But prior to all these is the Gold, from which Alberich makes the Ring that sets the whole drama in motion. In itself it is merely a symbol of mysterious potentialities lying dormant in nature: and as we have heard, its motive belongs to the family of the Nature Motive. But the various effects of the realisation of the potentialities of the Gold are represented by a different family of motives. And the basic motive here, which generates the rest, is the salient musical idea of the joyful major-key trio sung by the Rhinemaidens in Scene One of Rhinegold – the song in which they celebrate the glory of the Gold in its natural setting. This is their cry of ‘Rhinegold, Rhinegold – Heiajaheia, Heiajaheia’.
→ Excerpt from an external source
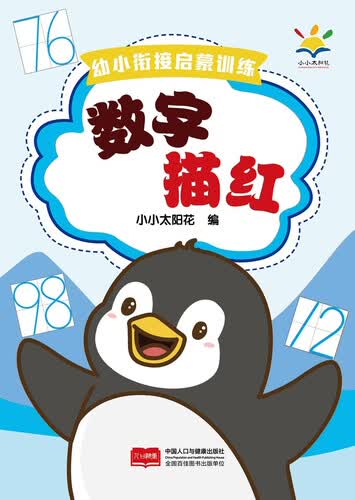 幼小衔接启蒙训练 数字描红封面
Before we trace the many transformations of this motive of the Rhinemaidens’ Joy in the Gold, we should notice that it recurs several times in something like this original form. Near the end of Rhinegold it is harmonically modified, and melodically developed, to form the Rhinemaidens’ Lament for the Gold after it has been stolen from them.
In this version the motive recurs again several times. In Act Two of Siegfried, for example, it enters on the horns when Siegfried comes out of Fafner’s cave holding the ring and staring at it wondering what use it can be to him. The horns remind us that it belongs ultimately to the Rhinemaidens. We will pick up the music at Alberich’s final remark and exit.
These are simply recurrences of the basic motive of the Rhinemaidens’ Joy in the Gold. But the two main segments of the motive are continually transformed into new motives, representing the unhappy results of the realisation of the gold’s potentialities. We may start with the second of these segments — the cry of ‘Heiajaheia’.
In Scene Two of Rhinegold, Loge sings a dark minor version of this when he describes how the Rhinemaidens complained to him of Alberich’s theft of the gold.
This already begins to sound a little like the Nibelungs’ Motive in the next scene, and Loge takes the transformation a step further when he repeats the music we have just heard to describe how the Nibelungs are already working on the gold.
Loge’s embryonic version of the Nibelung Motive becomes reality in the orchestral interlude leading to the next scene. Here the actual motive of the Nibelungs emerges in its definitive form, in conjunction with the sound of their hammering.
So the Rhinemaidens’ joy in the potentiality of the gold has been transformed into the Nibelungs’ misery in working on the gold, musically as well as dramatically. And the complete basic motive of the Rhinemaidens’ Joy in the Gold is transformed in a similar way, to produce another new motive. Again Loge is the agent of this transformation in Scene Two of Rhinegold. His dark minor version of the ‘Heiajaheia’ segment, in his account of the Rhinemaidens’ complaint, is actually accompanied by the complete motive of the Rhinemaidens’ Joy in the Gold. Here is a reminder of that motive.
And here, played by the orchestra alone, is the accompaniment to Loge’s account of the complaint of the Rhinemaidens.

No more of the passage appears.